MEDIUM: h2: change hpack_decode_headers() to only provide a list of headers

The current H2 to H1 protocol conversion presents some issues which will
require to perform some processing on certain headers before writing them
so it's not possible to convert HPACK to H1 on the fly.

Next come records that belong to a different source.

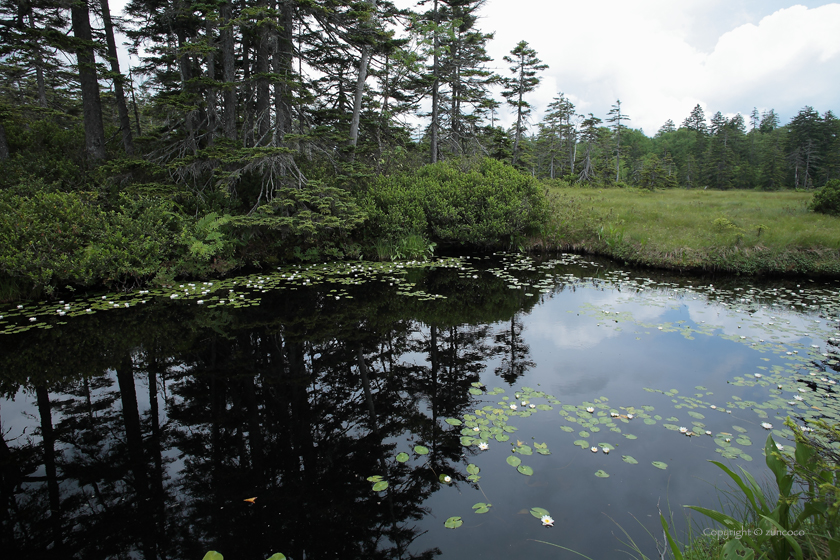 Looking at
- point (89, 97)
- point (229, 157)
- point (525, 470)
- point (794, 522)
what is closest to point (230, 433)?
point (525, 470)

This commit modifies the headers decoding so that it now works in two
phases : hpack_decode_headers() only decodes the HPACK stream in the
HEADERS frame and puts the result into a list. Headers which require
storage (huffman-compressed or from the dynamic table) are stored in
a chunk allocated by the H2 demuxer. Then once the headers are properly
decoded into this list, h2_make_h1_request() is called with this list
to produce the HTTP/1.1 request into the destination buffer. The list
necessarily enforces a limit. Here we use 2*MAX_HTTP_HDR, which means
that we can have as many individual cookies as we have regular headers
if a client decides to break their cookies into multiple values. This
seams reasonable and will allow the H1 parser to decide whether it's
too much or not.

Thus the output stream is not produced on the fly anymore and this will
permit to deal with certain corner cases like reparing the Cookie header
(which for now is not done).

In order to limit header duplication and parsing, the known pseudo headers
continue to be passed by their index : the name element in the list then
has a NULL pointer and the value is the pseudo header's index. Given that
these ones represent about half of the incoming requests and need to be
found quickly, it maintains an acceptable level of performance.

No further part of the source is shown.